Shared from Tax Insider: Using Bonuses To Reduce Business Tax
By Lee Sharpe, May 2016
Using bonuses to reduce a business tax bill is a well-known procedure. It is also easy to get wrong! We shall look at the benefits and pitfalls. The rules can be quite complex, and this article aims to set out the fundamentals so that you know what to look out for. 
 

Why bonuses?

Most readers will be familiar with the idea that paying a salary to your spouse (or other family members) can be very tax-efficient if:
  1. they are not otherwise fully utilising their tax-free allowance/lower tax bands; and
  2. they do real work to justify the salary, otherwise HM Revenue and Customs will try to disallow the business expenditure.
In an ideal world, the business gets tax relief and the spouse receives income with relatively little tax cost. The idea of paying bonuses is similar. Company directors may decide to pay themselves a bonus and one consequence should be to reduce the company’s taxable profits, and the tax it then has to pay. There may be further PAYE income tax and National Insurance contributions (NICs) on the bonus to pay later on, but that will depend on the circumstances in the tax year of payment. Generally, I would consider bonus arrangements as a deferral mechanism. 
 

Timing is everything

Let’s take Jumbo Limited, which has a July year end. The company is already doing very well in the year to July 2016, and the four directors are concerned about the potential corporation tax bill. Mr Jumbo Snr. has heard that providing for a bonus will reduce the corporation tax bill.
 
If they pay the bonus immediately, the increase in the company’s PAYE and NICs bill will probably exceed any corporation tax saved – and may be payable sooner than the corporation tax. 
 
So Mr Jumbo Snr. decides that, at the next board meeting, he will propose that the directors are each paid a bonus of £25,000 sometime after the year end, but they will include a provision for the deduction in the company’s July 2016 accounts, because the bonus was earned for the excellent 2016 results. This ‘accrued expense’ in the company’s accounts should reduce the company’s taxable profits for the July 2016 accounting period but – so far – nobody has had to suffer any PAYE or NICs because nobody has been paid (but see later, as this story is not over).
 

How long can you wait?

In theory, you can defer a bonus payment up to nine months – which could easily be into the following tax year. This is allowed by the legislation (CTA 2009, s 1288), which effectively requires that, if the payment is made more than nine months after the end of the accounts, then a corresponding tax deduction is not allowed for the original accounts but instead in the period in which it is actually paid (the equivalent legislation for other businesses is at ITTOIA 2005, s 36).
 
For example, in the case of Jumbo Limited above, this means that a deferred bonus adjustment in the July 2016 accounts will remain tax-allowable, so long as the bonuses are actually paid no later than the end of April 2017.
 

When is a bonus actually ‘paid’?

The rules derive from the PAYE legislation (thanks to CTA 2009, s 1289(4), and ITTOIA 2005, s 37(4)).
 
For ordinary employees, the rules are quite simple. It is the earlier of:
  • when a payment of earnings (or an account of earnings) is made; or
  • when an employee becomes entitled to be paid’
Directors, however, are a special case; for them, it is the earliest of:
  1. when a payment of earnings (or an account of earnings) is made;
  2. when an employee becomes entitled to be paid;
  3. the date when earnings are credited in the company’s accounts or records;
  4. where the amount of earnings is determined before the end of the period to which they relate, the date that period ends;
  5. where the amount of earnings is determined after the end of the period to which they relate, the date the amount is determined.

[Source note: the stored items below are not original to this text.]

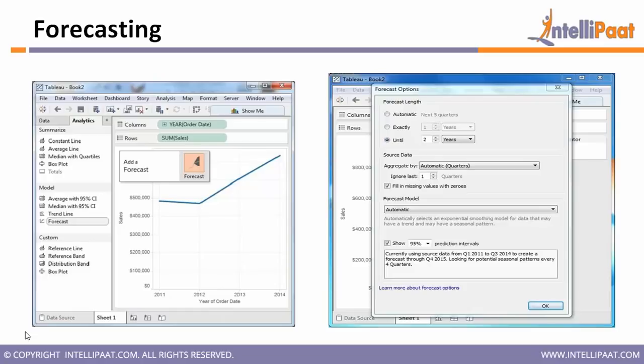For example, if I'm forecasting a sales dataset with ten years of data to predict next year's sales, I analyze the data by trend — how my sales behaved throughout those ten years: whether I had an increasing trend or a decreasing trend every year, or whether the results are fluctuating, with sales going up one year and down the next.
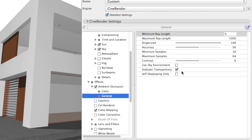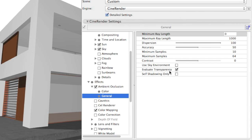The Evaluate Transparency option is important to remember. When it is active, the degree of transparency of each surface material will be taken into consideration. Have this option turned on at all times, otherwise the result of the render may be disappointing, especially close to transparent objects like a window.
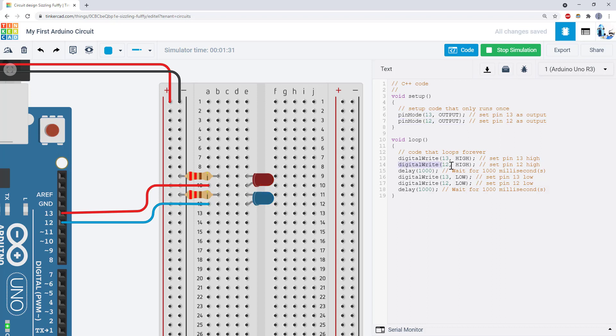And then to set pin 12 high at the same time pin 13 is set high. Wait a second. Then set pin 12 low at the same time pin 13 is set low. This causes the LEDs to blink in sync.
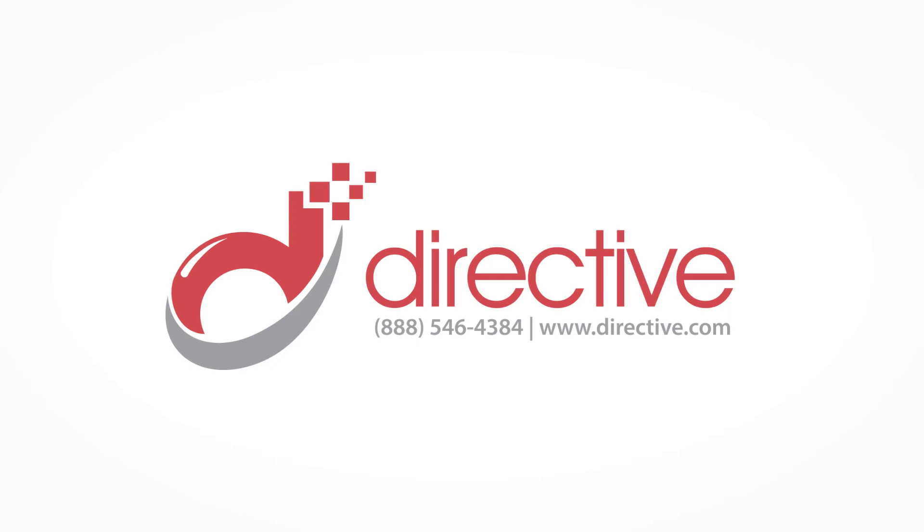For more information, give us a call at 888-546-4384 to find out how we can help you manage your infrastructure today.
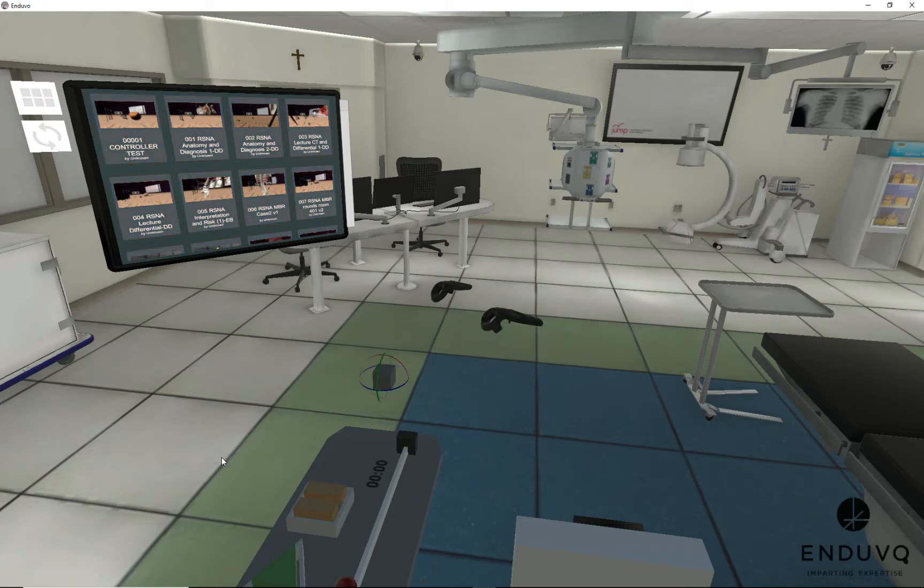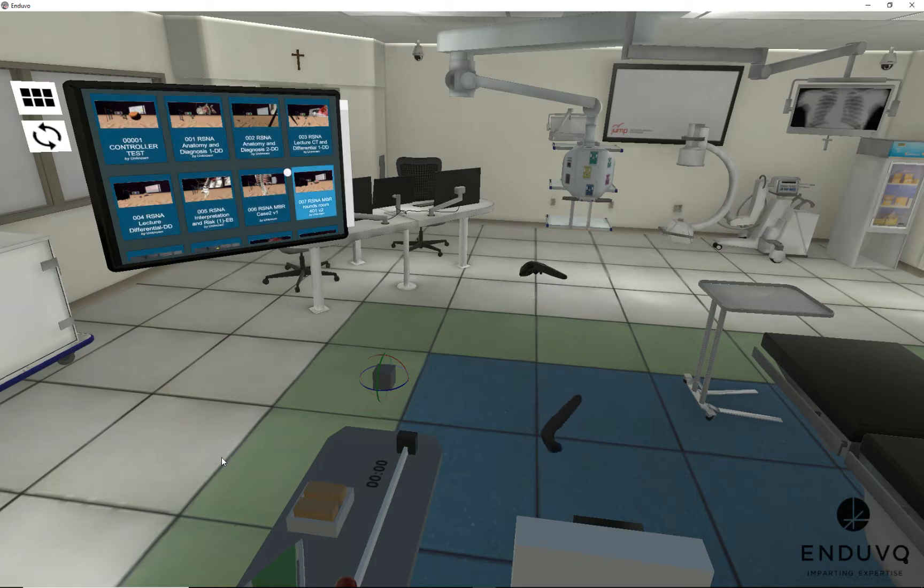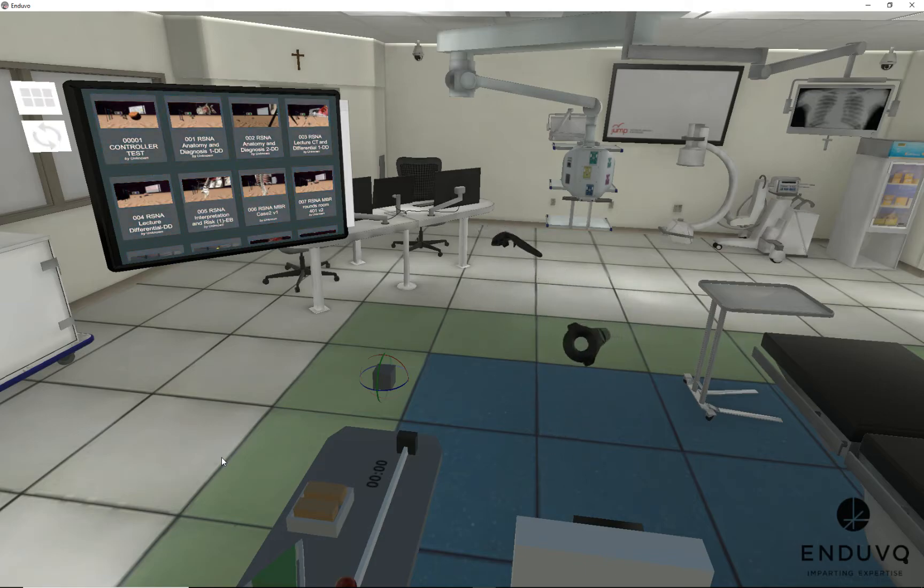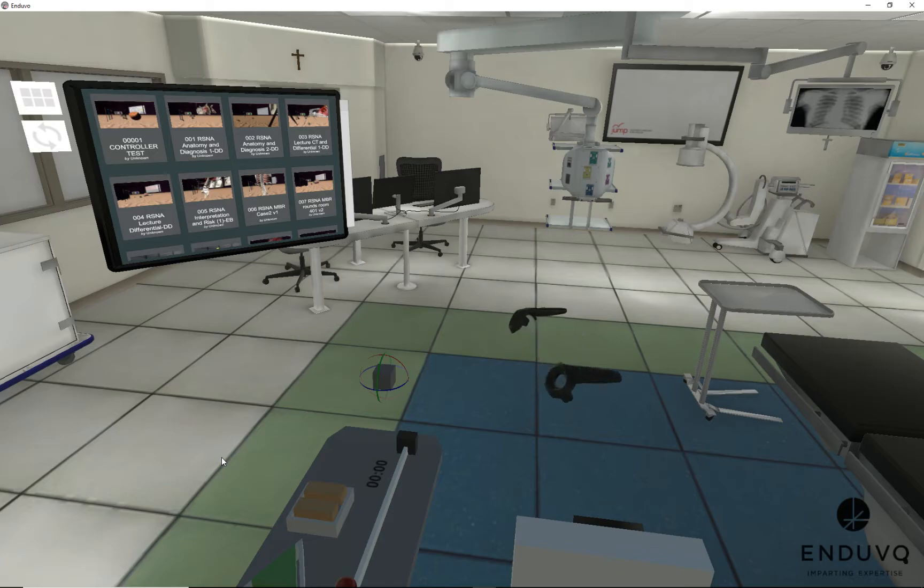And what we have here is our virtual reality education tool titled Induvo. What you see in front of you is a virtual OR, but we have many different options.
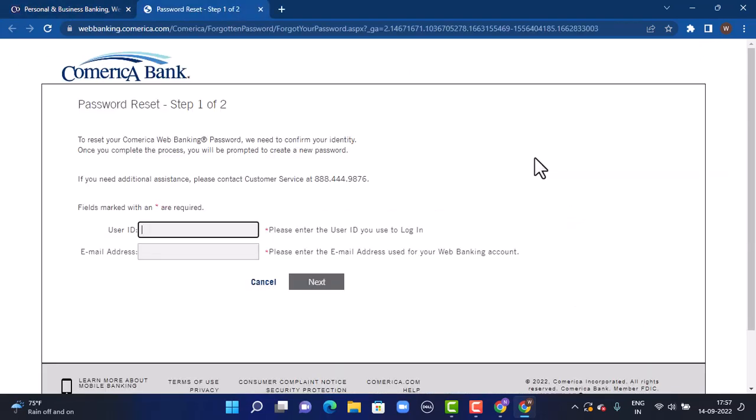As you tap on it, on the other page you will be directed into Support Center. Over here, this kind of interface might appear on your computer screen. You'll have to verify your identity, so for that you'll have to enter your user ID and your email address that is associated with the Comerica Bank account.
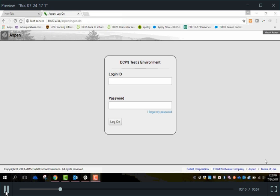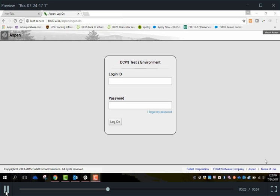Your Aspen login credentials are the same as your DCBS email login credentials. Your login ID will probably be your first name dot last name, and your password is the same as your DCBS email password.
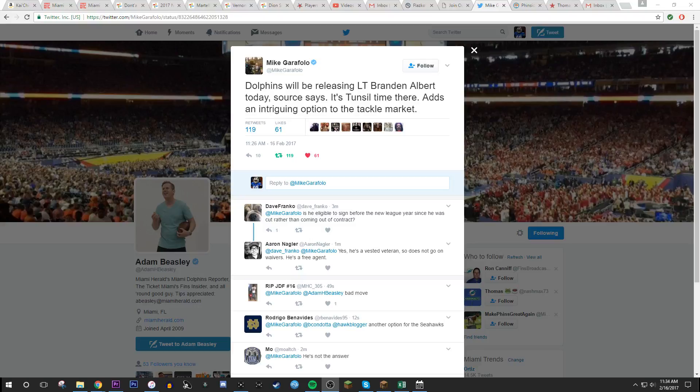Mike Garafolo tweets out, Dolphins will be releasing Brandon Albert today. Sources say it's Tunsil's time there as an intriguing option to the tackle market.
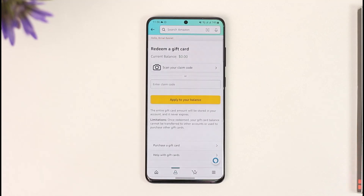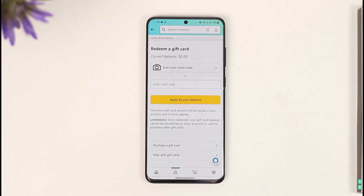Once you tap on 'Manage Gift Card Balance,' at the very top you'll find the option called 'Redeem Another Gift Card.' Tap on it, enter your Xbox gift card code, then tap the 'Apply to Your Balance' option, and your Xbox gift card will get successfully redeemed.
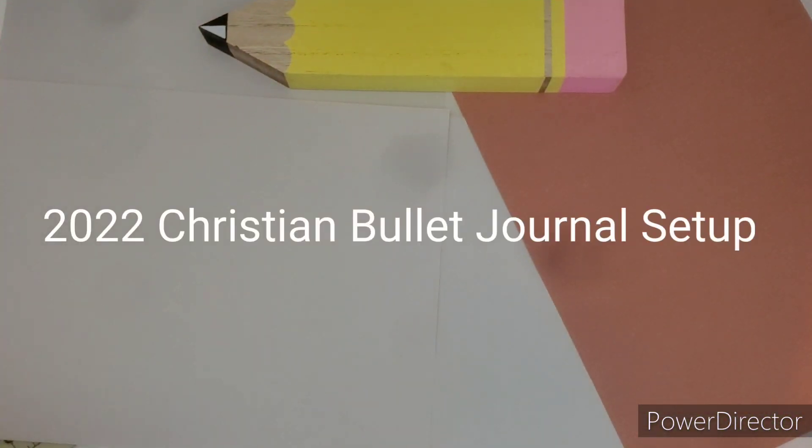Next, supplies. Really all you need is a random journal and a pen. That's pretty much it. For my bullet journal this year, I'm actually going to be doing a digital bullet journal.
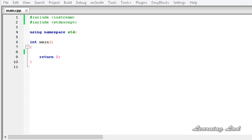Hi, this is Anil and welcome to the video tutorial for the learning light on C++ programming. In this tutorial we're going to learn how to throw exceptions from functions.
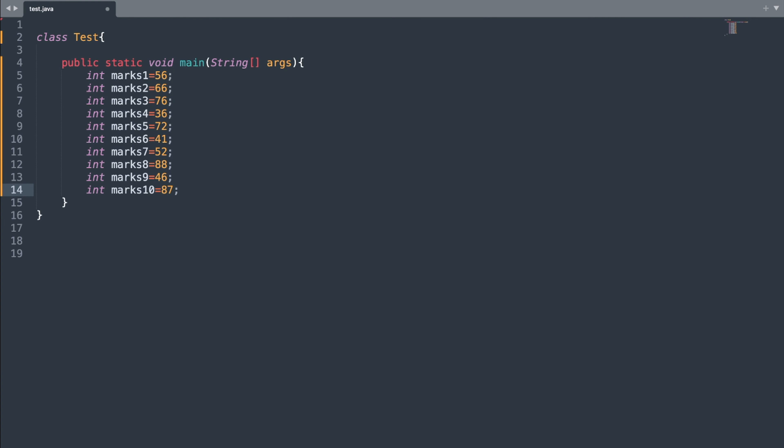With the help of an array, what we can do is store multiple values in a single variable itself. And we can access the values using that variable only, so there is no need to store the values in separate variables. So here we have this variable 1, 2, 3, 4, 5, 6 and so on.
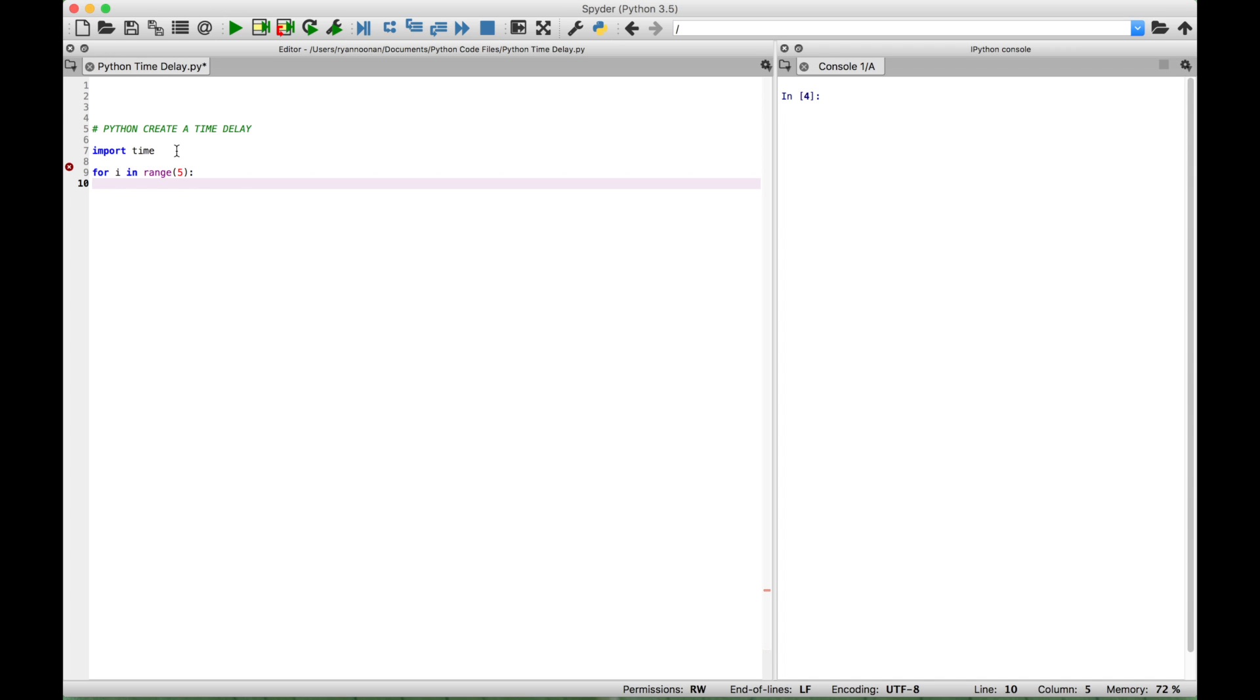And then we're going to use a print to display a message. And let's have our message say print this message every three seconds.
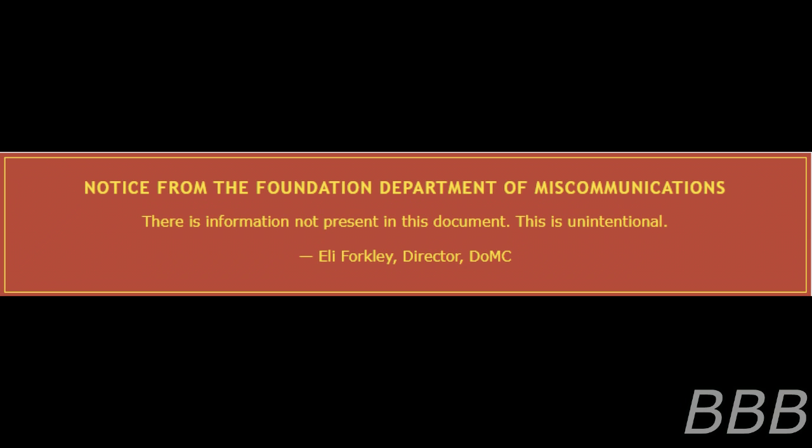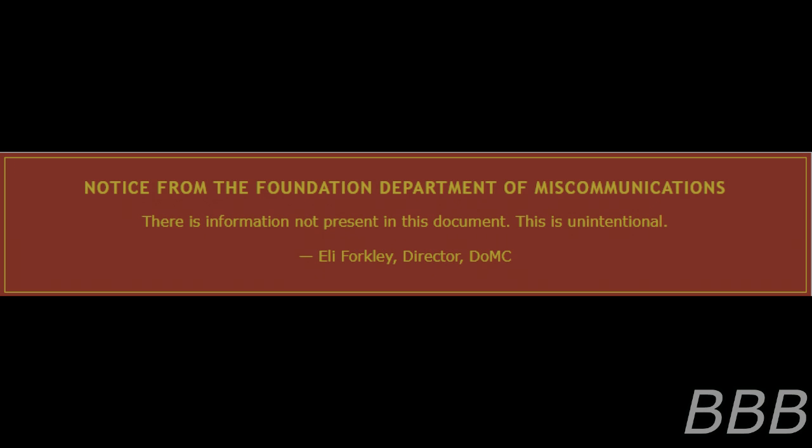Notice from the Foundation Department of Miscommunications: there is information not present in this document. This is unintentional. Ali Forkley, Director, Department of Miscommunications.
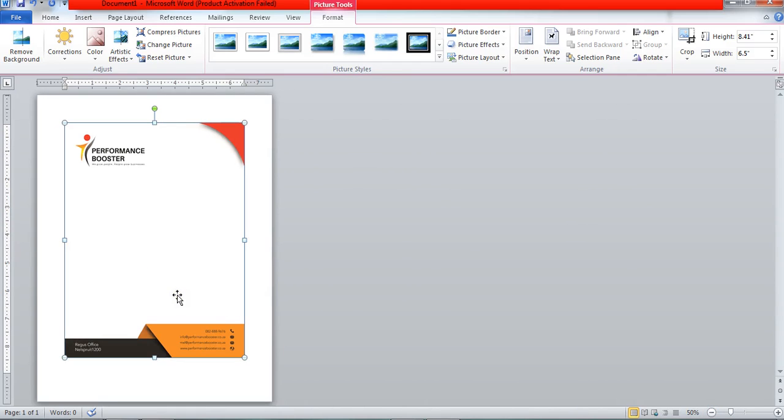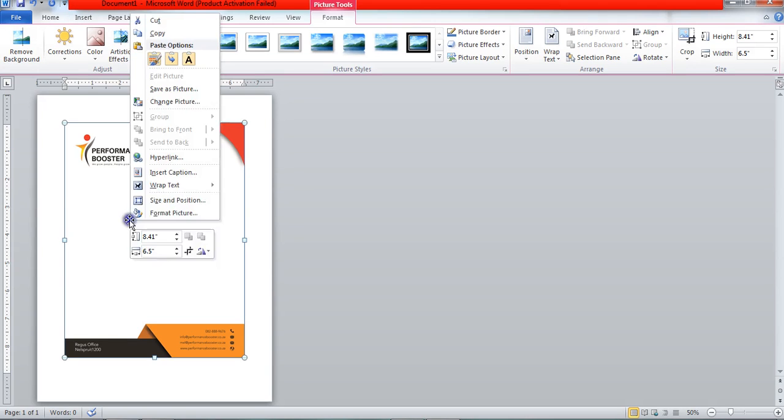But you can see it is not touching the borders. It means that its width and height are smaller than the document. For that purpose, click on the picture, right-click on the picture, and click on size and position.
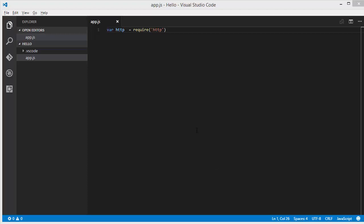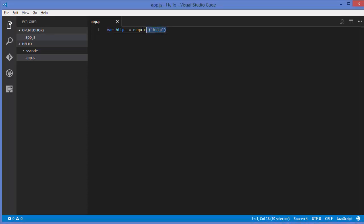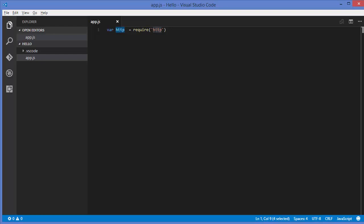Hello guys, welcome to the next video on Node.js tutorial for beginners. In this video we will learn how we can create custom modules in Node.js. In the previous videos we have already seen how we can use built-in modules — the example of that was the module called HTTP. We used the require keyword and the name of the module, assigned it to a variable to create an instance, and using that variable we can call any method inside the module.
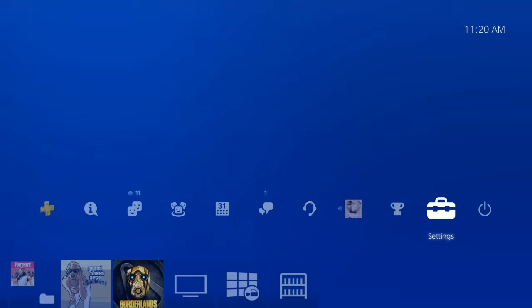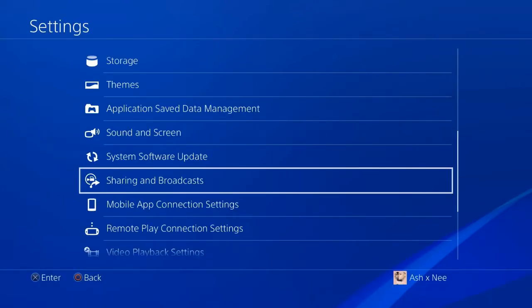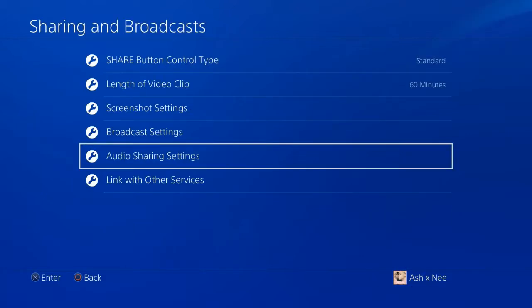After you've reached the settings menu, you want to go to what it says sharing and broadcasts. Now once you've reached sharing and broadcasts, you can scroll down a little bit to where it says audio sharing settings.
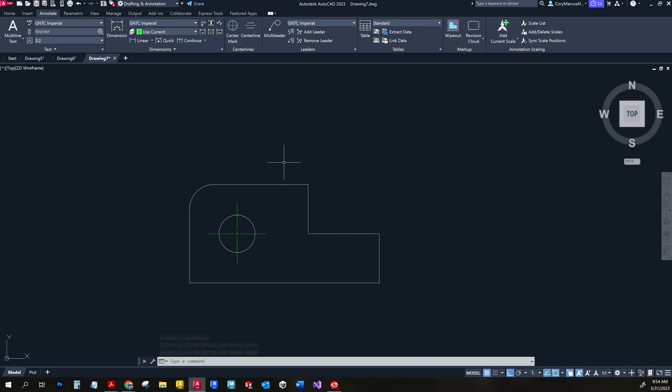That's all for this week. If anybody has any questions on how to draw any of this, just let me know.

Pitfall 1 – The date of payment may be earlier than you think!

In Jumbo Limited, Mr Jumbo Snr. is suggesting that the bonuses will be paid some time after the end of the accounting year – 31 July 2016. So they haven’t physically been paid yet. Nor is anyone entitled to be paid yet, essentially because the date of payment has not yet been fixed. Nor has anyone moved a muscle to update the company’s books and records. 
 
But Mr Jumbo Snr. has specified how much he intends each of the four directors will be paid - £25,000. So if the directors ultimately agree to take £25,000 each, the PAYE/NIC liability will crystallise on 31 July 2016, in line with point (4) above. That would be much earlier than would be ideal.
 

Pitfall 2 – Making the accounting provision ‘stick’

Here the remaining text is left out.